Il jazz forse nacque nel ‘600 dalle improvvisazioni a cinque voci di Bach…
Il rock s’influenzò senza vaccino delle arie classiche e i “pieni d’archi”…
Tutto nella musica ci fa andare “avanti e indietro” nel tempo continuamente alla ricerca di legami, contaminazioni…
Tutto ciò segue un ritmo naturale e incontrollabile, istintivo, cha ha sede nel normale evolversi delle manifestazioni umane artistiche e sociali…
Fino a quando l’equilibrio tra genuina intuizione artistico-espressiva e produzione commerciale non fu rotto dalla progressiva e inarrestabile supremazia della seconda fase sulla prima.
Già dalla sua nascita ufficiale (A. V. M. 5) il rock aveva la missione di allargarsi più di qualunque altra forma musicale, e adottò stratagemmi di comunicazione generalisti e commerciali, ma sfruttando sempre artisti genuini e carichi di messaggi nuovi, di rottura… rivoluzionari…
Ma dopo trenta anni i soldi fanno gola un po’ a tutti e il desiderio di venir fuori con le proprie doti… fu sostituito col semplice incubo del “venir fuori e basta!…”

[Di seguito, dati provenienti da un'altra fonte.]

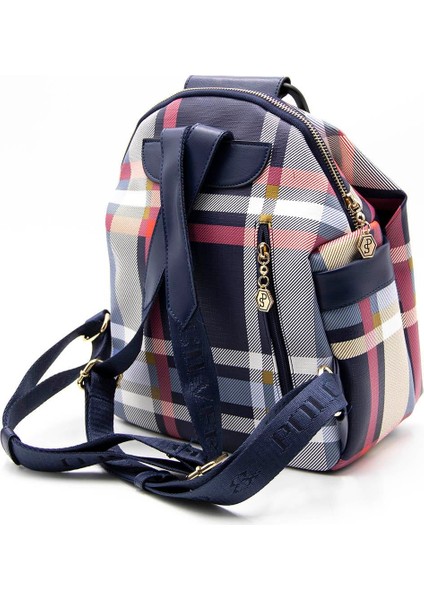 Laci Tek Bölmeli Kadın Sırt Çantası SP771 modelleri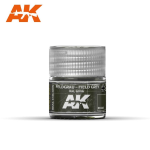 Ak Interactive RC048 Feldgrau-Field Grey RAL 6006 10ml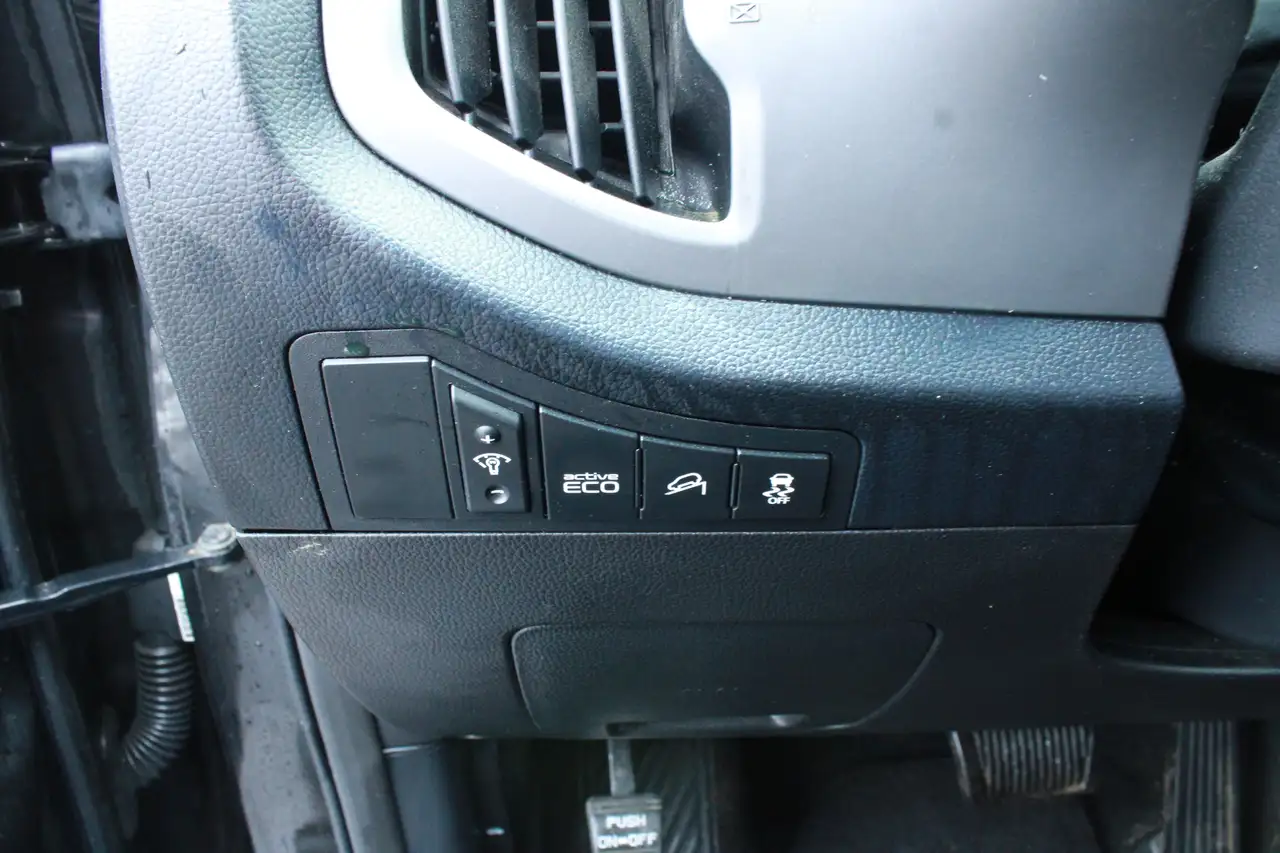 Kia Sportage fotografie Kia Sportage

Non equivochiamo: tutti i musicisti fanno musica per venderla… Ma si dovrebbe rispettare anche le proprie idee, rischiarle davanti al pubblico… in equilibrio con i gusti della gente…
Col primo grande avvento dell’elettronica, la semplificazione delle sedute di registrazione, l’elaborazione dei segnali sonori… si rese molto più efficace massificare e riprodurre il suono che “va per la maggiore”… Si accese una aperta sfida tra le Majors (che dopo una ventina di anni le porterà alla crisi nera!!! Ben gli sta!) a produrre artisti simili e sfruttare una moda e gareggiare a chi vende di più!… Spesso creando dal nulla un personaggio, che non è un musicista, o comunque non è quello che ci fan conoscere, ma un prodotto studiato da abili produttori della comunicazione, ma non più dell’arte!
Et Voilà gli Anni ’80!
Intendiamoci, non c’è solo questo negli ’80, ma il sentimento generale verso le produzioni di allora era proprio questo… specie dopo i mitici ’60 e ’70!
L’uniformazione del prodotto musicale di massa ha fatto sì che una “Madonna” assolutamente priva di qualunque talento artistico, sia a tutt’ora la più grande fucina di idee degli ultimi 20 anni!
Una dannosa confusione tra messaggio di comunicazione, di moda e pubblicità con quello artistico…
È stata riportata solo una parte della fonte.